Il est 9h. Les usagers attendent l’arrivée des agents préposés à cette tâche. A mesure que les minutes passent, la cour se remplit. «Qui est le dernier sur la liste ?», s’informe un jeune homme qui vient de débarquer. «Va t’inscrire sur la liste», lui répond Martin*, «deuxième» sur la liste. Assis sur une chaise, Martin tient entre ses mains les documents nécessaires à la confection d'une carte nationale d'identité. Soit un extrait de naissance, un certificat de domicile et un timbre.

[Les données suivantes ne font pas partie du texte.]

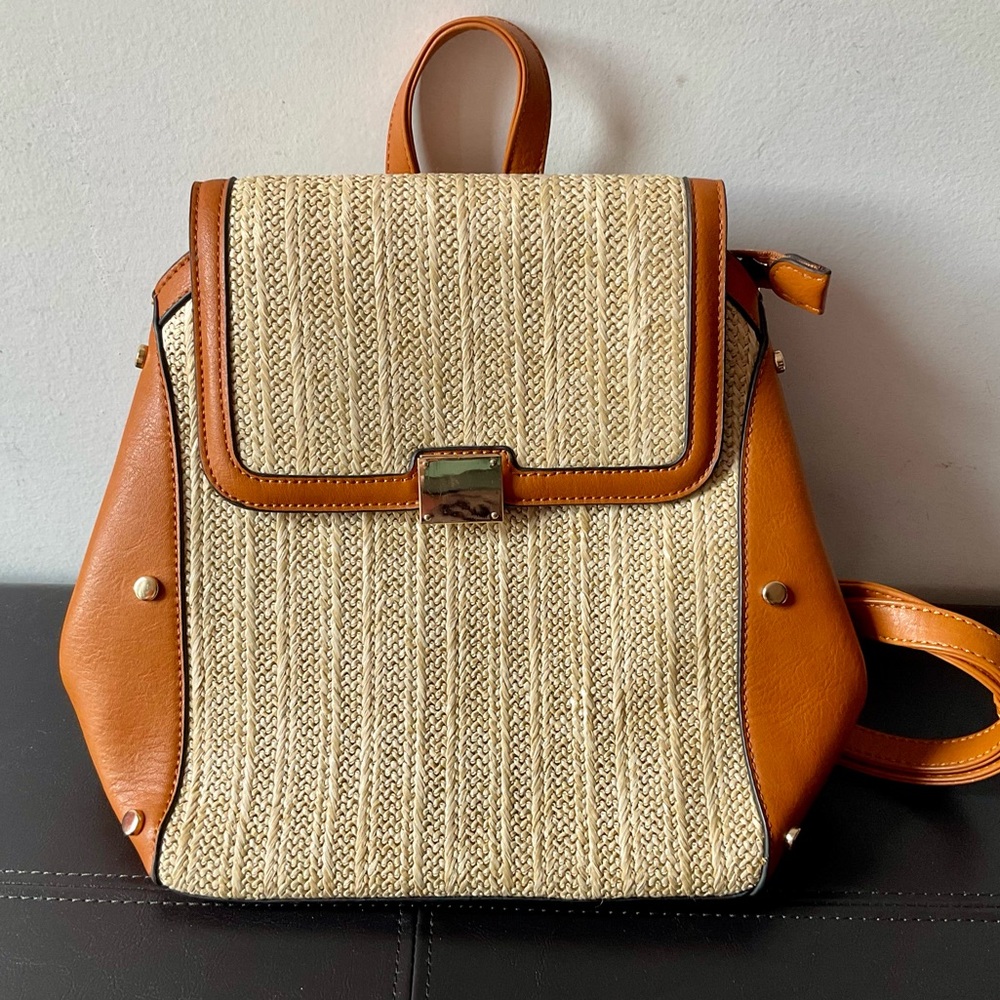 Isabelle tan vegan leather and woven straw convertible backpack - EUC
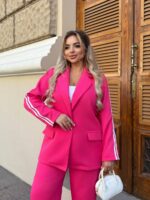 Жіночий класичний костюм з лампасами малинового кольору 00519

Seulement, le timbre dont dispose Martin est plus cher que celui dont le prix est affiché devant le bureau : 1 000 francs Cfa. Introuvable sur le marché, ce même timbre se monnaye 100% plus cher sur le marché parallèle : 2 000 francs Cfa. C'est l'alternative que les autorités policières proposent aux populations de Grand-Yoff. Martin en est indigné : «Je ne peux pas comprendre qu’on nous fasse payer un timbre de 2 000 sous prétexte que le timbre de 1 000 francs est introuvable. C’en est trop !»
La pénurie, réelle ou organisée, est devenue une réalité, mais pourquoi la police n'essaye-t-elle pas de trouver une solution moins onéreuse pour les usagers ? se demandent beaucoup de personnes. Martin, lui, en a des idées. «Elle pouvait à la limite nous demander de payer cinq timbres de 200 francs l'unité, ce qui reviendrait à 1 000 francs».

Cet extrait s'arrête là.